* [THE PROBLEM] Copy each entry below exactly.

[Scraped caption text data]
****************

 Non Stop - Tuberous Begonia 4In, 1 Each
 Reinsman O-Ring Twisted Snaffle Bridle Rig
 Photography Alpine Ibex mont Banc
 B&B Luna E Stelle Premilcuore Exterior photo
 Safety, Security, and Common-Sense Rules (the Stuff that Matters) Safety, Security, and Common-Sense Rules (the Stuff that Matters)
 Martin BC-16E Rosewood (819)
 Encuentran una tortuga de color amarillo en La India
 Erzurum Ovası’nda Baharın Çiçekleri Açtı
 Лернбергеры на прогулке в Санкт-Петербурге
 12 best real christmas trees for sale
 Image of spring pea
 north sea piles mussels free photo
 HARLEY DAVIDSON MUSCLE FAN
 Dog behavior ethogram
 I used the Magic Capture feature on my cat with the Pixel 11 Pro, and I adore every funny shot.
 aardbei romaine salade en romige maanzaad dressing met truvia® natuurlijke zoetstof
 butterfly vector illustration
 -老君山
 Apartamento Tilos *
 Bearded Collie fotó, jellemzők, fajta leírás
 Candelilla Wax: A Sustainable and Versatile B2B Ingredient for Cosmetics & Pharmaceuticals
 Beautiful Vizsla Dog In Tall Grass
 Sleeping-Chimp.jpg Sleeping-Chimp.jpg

****************

* [SOLUTION TO THE EXERCISE]
 Non Stop - Tuberous Begonia 4In, 1 Each
 Reinsman O-Ring Twisted Snaffle Bridle Rig
 Photography Alpine Ibex mont Banc
 B&B Luna E Stelle Premilcuore Exterior photo
 Safety, Security, and Common-Sense Rules (the Stuff that Matters) Safety, Security, and Common-Sense Rules (the Stuff that Matters)
 Martin BC-16E Rosewood (819)
 Encuentran una tortuga de color amarillo en La India
 Erzurum Ovası’nda Baharın Çiçekleri Açtı
 Лернбергеры на прогулке в Санкт-Петербурге
 12 best real christmas trees for sale
 Image of spring pea
 north sea piles mussels free photo
 HARLEY DAVIDSON MUSCLE FAN
 Dog behavior ethogram
 I used the Magic Capture feature on my cat with the Pixel 11 Pro, and I adore every funny shot.
 aardbei romaine salade en romige maanzaad dressing met truvia® natuurlijke zoetstof
 butterfly vector illustration
 -老君山
 Apartamento Tilos *
 Bearded Collie fotó, jellemzők, fajta leírás
 Candelilla Wax: A Sustainable and Versatile B2B Ingredient for Cosmetics & Pharmaceuticals
 Beautiful Vizsla Dog In Tall Grass
 Sleeping-Chimp.jpg Sleeping-Chimp.jpg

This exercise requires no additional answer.